Hutchinson inserted language in a NASA bill pending in the Senate that would forbid NASA from retiring the shuttle before a replacement is completed. A spokesman for Hutchinson said there is broad opposition among both Republicans and Democrats in the Senate to any proposal for an early retirement of the shuttle.

“There will be enormous pressure to keep it flying,” said Sheila Widnall, an aerospace professor at Massachusetts Institute of Technology and a member of the Columbia Accident Investigation Board. “I would not be in favor of flying the shuttle indefinitely. But I was disappointed when NASA said they were going to retire it.”

Widnall said NASA should recertify the shuttle’s safety systems in 2010, a plan laid out by Columbia investigators, while it develops the Crew Exploration Vehicle.

Other experts cite a host of major problems with retiring the shuttle in five years.

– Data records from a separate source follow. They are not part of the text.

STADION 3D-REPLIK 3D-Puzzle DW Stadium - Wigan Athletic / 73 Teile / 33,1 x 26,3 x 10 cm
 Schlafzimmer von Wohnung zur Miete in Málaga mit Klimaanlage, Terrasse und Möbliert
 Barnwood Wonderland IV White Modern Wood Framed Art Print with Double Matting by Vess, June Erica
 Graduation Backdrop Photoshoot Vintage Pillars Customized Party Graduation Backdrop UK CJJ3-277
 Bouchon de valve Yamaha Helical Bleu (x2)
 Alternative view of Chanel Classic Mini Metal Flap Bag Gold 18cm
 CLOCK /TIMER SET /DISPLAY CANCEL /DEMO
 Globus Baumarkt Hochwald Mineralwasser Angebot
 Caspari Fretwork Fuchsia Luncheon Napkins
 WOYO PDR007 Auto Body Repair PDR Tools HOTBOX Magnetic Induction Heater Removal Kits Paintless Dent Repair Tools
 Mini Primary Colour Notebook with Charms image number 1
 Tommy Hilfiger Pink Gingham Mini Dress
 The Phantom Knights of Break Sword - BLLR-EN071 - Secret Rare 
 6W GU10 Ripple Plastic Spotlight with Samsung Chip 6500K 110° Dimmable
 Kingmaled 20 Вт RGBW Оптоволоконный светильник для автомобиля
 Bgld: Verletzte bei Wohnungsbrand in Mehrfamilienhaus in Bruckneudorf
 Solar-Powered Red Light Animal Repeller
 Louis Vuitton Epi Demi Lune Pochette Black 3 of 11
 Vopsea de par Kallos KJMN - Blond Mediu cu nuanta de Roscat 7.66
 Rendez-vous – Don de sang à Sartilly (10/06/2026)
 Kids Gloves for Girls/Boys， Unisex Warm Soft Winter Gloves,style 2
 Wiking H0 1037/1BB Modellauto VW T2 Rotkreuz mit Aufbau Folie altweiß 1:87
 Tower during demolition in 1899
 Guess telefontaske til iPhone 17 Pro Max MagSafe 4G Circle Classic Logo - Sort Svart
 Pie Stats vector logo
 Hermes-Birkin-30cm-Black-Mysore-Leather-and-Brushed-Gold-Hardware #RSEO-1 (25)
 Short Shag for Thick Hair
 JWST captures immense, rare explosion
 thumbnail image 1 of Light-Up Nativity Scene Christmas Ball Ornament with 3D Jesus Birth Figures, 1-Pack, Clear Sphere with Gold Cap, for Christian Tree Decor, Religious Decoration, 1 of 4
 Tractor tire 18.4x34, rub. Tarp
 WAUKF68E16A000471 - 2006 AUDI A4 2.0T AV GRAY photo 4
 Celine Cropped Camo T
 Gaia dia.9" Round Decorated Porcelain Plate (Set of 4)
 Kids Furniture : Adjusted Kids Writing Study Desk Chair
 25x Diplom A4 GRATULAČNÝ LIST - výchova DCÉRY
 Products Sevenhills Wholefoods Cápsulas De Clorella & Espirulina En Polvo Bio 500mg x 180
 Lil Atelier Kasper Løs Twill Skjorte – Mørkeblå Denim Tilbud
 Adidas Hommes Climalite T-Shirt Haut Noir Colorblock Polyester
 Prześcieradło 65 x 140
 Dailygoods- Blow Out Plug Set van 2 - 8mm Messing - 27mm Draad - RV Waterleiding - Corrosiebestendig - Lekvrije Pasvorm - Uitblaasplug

First, it would cause a major loss of prestige to the United States to lack manned access to space, while both Russia and China have the capability.

A long lapse in launches would erode the skilled work force that exists at the Kennedy Space Center, as well as other key aerospace centers across the nation. Finally, the shuttle is critical to using the full capability of the International Space Station.

“If we take the shuttle offline, the space station becomes a lot less useful,” said Norman Thagard, a former astronaut and engineering professor at Florida State University. “The space shuttle and the space station go hand in hand.”

NASA currently plans up to 28 more missions over the next five years to complete the International Space Station.

Griffin would prefer that the shuttle fly even less. Since taking over NASA in April, Griffin ordered a 60-day review of the future of the human space program. A spokesman said he is considering reducing the flights to a range of 16 to 24, just enough to finish construction of the space station.

“I am working very hard to develop a program that replaces the shuttle with a new vehicle,” Griffin said at a news conference Tuesday at Kennedy Space Center. “By the time it retires, it will have been in service for 30 years. That is enough.”

Some outside experts say that it would be a mistake to extend the life of the three remaining shuttles without making far more extensive safety improvements.

NASA has spent the past 29 months undertaking a massive effort to fix the specific problems with debris that caused the Columbia shuttle accident in 2003, but it has deferred some potentially critical safety and operational issues.

Though experts are confident that the agency has fixed the immediate problem of foam and other debris that could damage the orbiter during launch, they say the agency has not made investments needed to modernize and upgrade many other key shuttle systems.

“If you are going to fly humans over the next 10 to 15 years, you are not going to do it with anything but the shuttle,” said Richard Blomberg, former chairman of NASA’s outside safety advisory panel. “If we are going to fly the shuttle, we should improve it.”